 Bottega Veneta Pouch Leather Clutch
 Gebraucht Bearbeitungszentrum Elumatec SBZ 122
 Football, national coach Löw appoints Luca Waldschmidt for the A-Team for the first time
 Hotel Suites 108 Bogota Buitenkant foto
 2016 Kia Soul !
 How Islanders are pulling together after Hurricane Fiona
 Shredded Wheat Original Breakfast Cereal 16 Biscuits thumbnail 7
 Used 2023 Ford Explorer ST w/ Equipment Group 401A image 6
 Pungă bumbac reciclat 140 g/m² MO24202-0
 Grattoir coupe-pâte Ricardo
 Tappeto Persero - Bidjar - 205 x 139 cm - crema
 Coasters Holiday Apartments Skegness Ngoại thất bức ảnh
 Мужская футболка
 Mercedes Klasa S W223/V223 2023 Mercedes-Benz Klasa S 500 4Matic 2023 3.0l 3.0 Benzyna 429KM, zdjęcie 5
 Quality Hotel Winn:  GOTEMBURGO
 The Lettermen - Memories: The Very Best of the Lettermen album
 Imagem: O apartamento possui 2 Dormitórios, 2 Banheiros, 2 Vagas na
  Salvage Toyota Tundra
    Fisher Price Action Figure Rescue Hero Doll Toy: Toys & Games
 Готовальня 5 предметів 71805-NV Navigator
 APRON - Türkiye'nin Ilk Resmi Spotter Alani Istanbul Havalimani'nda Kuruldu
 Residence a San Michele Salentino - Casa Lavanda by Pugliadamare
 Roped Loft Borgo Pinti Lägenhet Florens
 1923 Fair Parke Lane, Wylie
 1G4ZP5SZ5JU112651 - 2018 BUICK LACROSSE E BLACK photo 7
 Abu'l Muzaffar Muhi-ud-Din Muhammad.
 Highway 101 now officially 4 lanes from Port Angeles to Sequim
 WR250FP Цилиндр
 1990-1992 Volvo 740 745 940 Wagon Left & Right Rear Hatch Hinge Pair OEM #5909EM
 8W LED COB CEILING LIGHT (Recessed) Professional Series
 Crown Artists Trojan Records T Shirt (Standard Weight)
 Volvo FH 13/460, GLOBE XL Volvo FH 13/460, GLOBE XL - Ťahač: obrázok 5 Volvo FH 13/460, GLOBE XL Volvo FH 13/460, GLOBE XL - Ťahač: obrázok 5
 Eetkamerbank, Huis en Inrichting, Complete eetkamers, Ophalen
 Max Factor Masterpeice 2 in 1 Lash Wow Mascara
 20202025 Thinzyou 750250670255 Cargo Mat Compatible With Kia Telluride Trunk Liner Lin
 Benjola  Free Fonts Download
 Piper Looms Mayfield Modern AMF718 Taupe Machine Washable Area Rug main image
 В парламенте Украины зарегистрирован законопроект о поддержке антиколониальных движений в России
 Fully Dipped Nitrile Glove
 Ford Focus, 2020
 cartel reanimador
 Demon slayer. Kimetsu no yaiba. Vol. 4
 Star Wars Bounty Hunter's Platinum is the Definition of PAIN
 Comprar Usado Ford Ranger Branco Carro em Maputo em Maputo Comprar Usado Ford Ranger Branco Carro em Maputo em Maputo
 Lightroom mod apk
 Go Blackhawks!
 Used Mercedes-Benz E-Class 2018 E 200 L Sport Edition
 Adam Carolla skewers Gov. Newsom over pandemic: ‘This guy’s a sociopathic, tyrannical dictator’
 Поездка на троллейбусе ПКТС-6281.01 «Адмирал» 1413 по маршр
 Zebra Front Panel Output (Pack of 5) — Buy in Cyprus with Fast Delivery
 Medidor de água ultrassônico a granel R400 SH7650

────

__About this exercise__:
The required output is every line above from the one with "Gebraucht Bearbeitungszentrum Elumatec" down to the one with "Used 2023 Ford", restated word for word, ends included.

__Reply__:
 Gebraucht Bearbeitungszentrum Elumatec SBZ 122
 Football, national coach Löw appoints Luca Waldschmidt for the A-Team for the first time
 Hotel Suites 108 Bogota Buitenkant foto
 2016 Kia Soul !
 How Islanders are pulling together after Hurricane Fiona
 Shredded Wheat Original Breakfast Cereal 16 Biscuits thumbnail 7
 Used 2023 Ford Explorer ST w/ Equipment Group 401A image 6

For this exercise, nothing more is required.